For more than 100 years ago, dating back to 1908, the seventh point on the Commonwealth Star has represented all Australian resident not residing inside one of the six founding states. The history behind this flag is more than enough to invalidate the idea of changing it if the Northern Territory were to become a state. No matter what might happen to Australia’s borders in the future, this is one change that will cause too much of an expense and disruption to the populous to be a good idea.

In just a few months, the 116th birthday of the flag will be celebrated with the start of Australian National Flag Day on September 3rd. Its design is a combination of elements that remain the same today as they were at first conceptualization in 1901, but many wonder if by Flag Day of 2018 whether an eight-pointed Commonwealth Star can still be featured. Maintaining the status quo has a number of practical reasons, and there is no historical record that might show a reason for any sort of national flag changes.

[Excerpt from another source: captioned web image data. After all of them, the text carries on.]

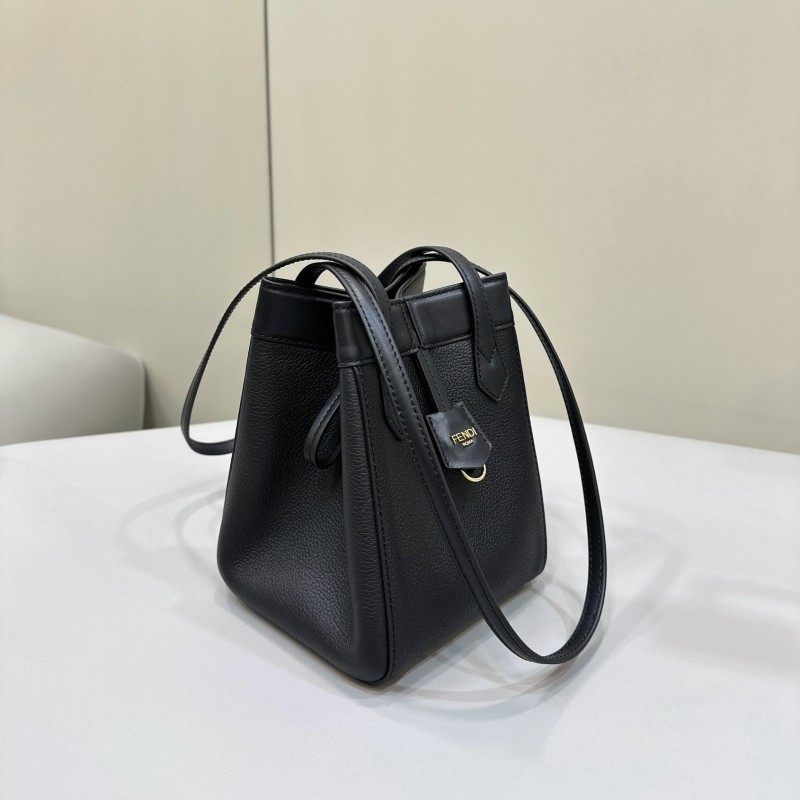 Fendi 折叠包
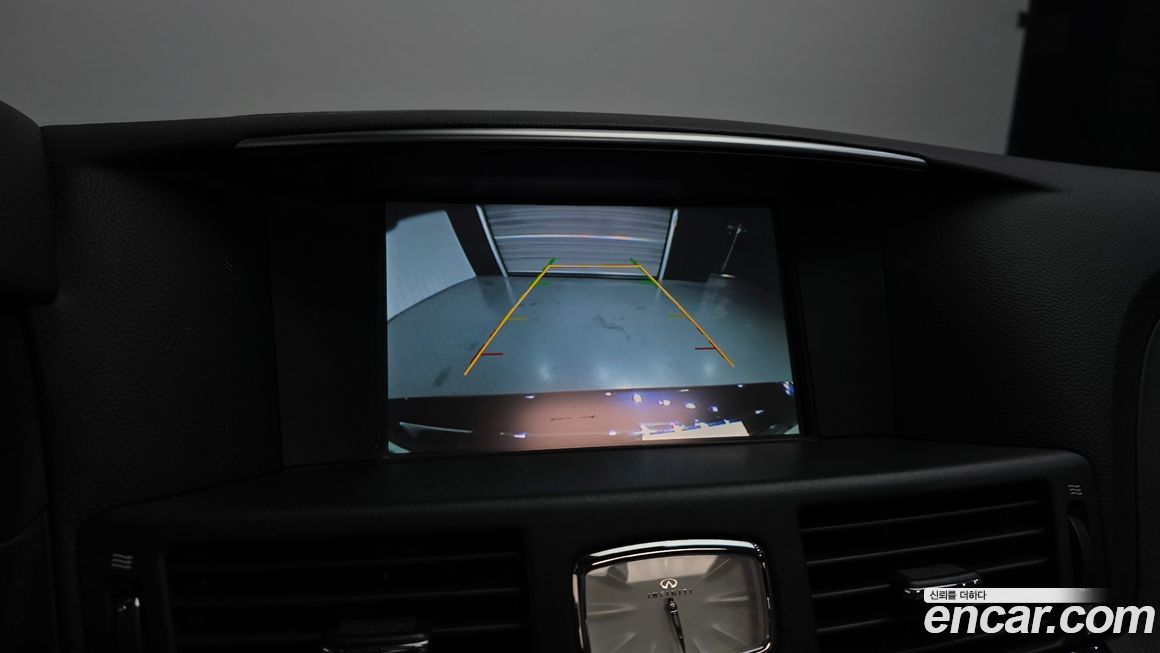Infiniti Q70 2015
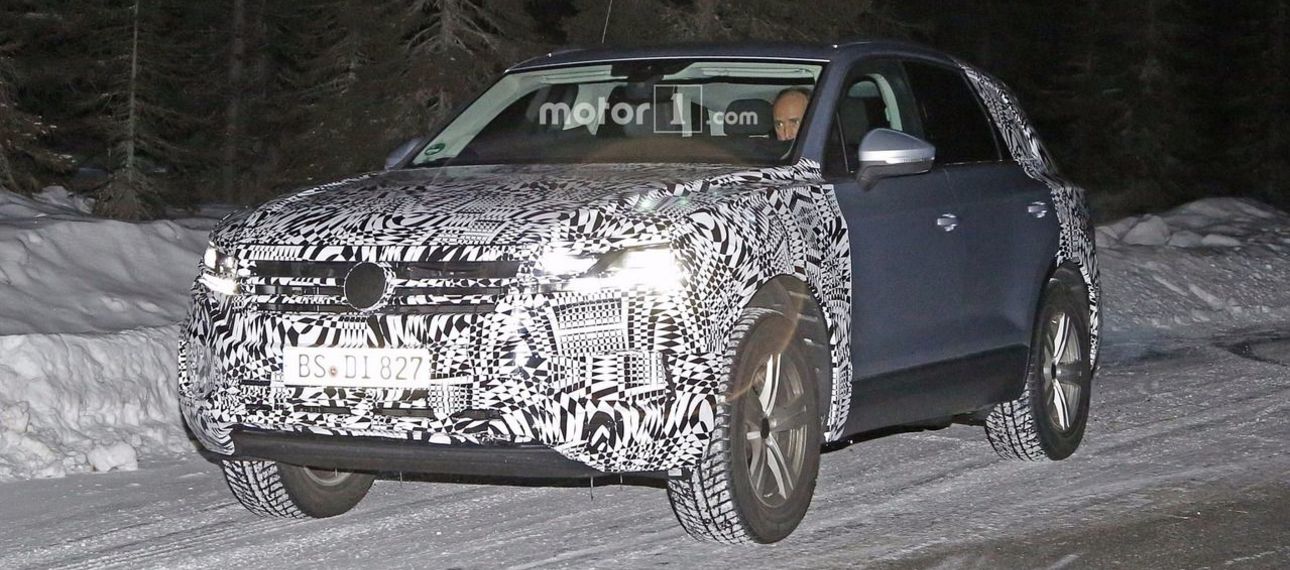 Новый Volkswagen Touareg «засветился» на зимних испытаниях Новый Volkswagen Touareg «засветился» на зимних испытаниях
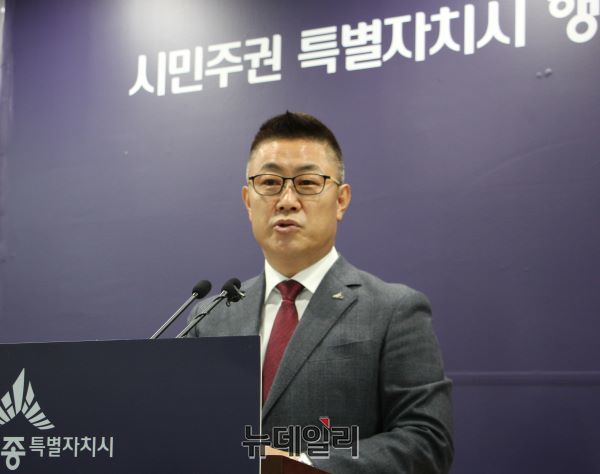 ▲ 김부유 세종시사회복지협의회장이 26일 세종시청 브리핑룸에서 내년에 치러질 세종시 체육회장 선거에 공식 출마를 선언하고 있다.ⓒ김동식 기자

Remember, Australia’s flag was the very first to be selected with the help of an open public design competition, making it a unique piece of history not found anywhere else in the world. Just months after Federation in 1901, the freshly formed Commonwealth government encourages its residents to “have a go” at designing a flag the entire populous could feel pride when flying. An enormous number of people chose to enter, with nearly one percent of the Australian population at the time sending in their designs.

With more than 33,000 designs entered into the competition, it then became a matter of working through them all for a list of the best. Imagine thousands and thousands of designs, each often featuring local flora and fauna and famous animals, and all of them pouring in over the course of a few months. The winner was revealed on September 3rd, 1901, at the Royal Exhibition Building, Melbourne, and that flag has disappeared and not been found since.

Officially claimed as the winning design in 1903 by the Commonwealth Gazette, there is now a nationwide hunt by Allan Pidgeon from Brisbane for this missing piece of Australian history. Rather than changing the old design and causing great expenses and unrest, it might be better to return the original design and original flag to its rightful place. Now that there are a number of Australian territories to consider, one must take all opinions into account.

The Seventh Point

Originally given six points, the Commonwealth Star is a feature meant to indicate the six states that together form the Commonwealth. However, the addition of a sixth point is meant to represent all those Australian citizens who do not live within the borders of one of those states but rather in a territory. Rather than adding more points or otherwise changing the flag, this point is a clear indication that all Australian citizens are represented with the current design, thus making the need for any changes irrelevant and completely unnecessary.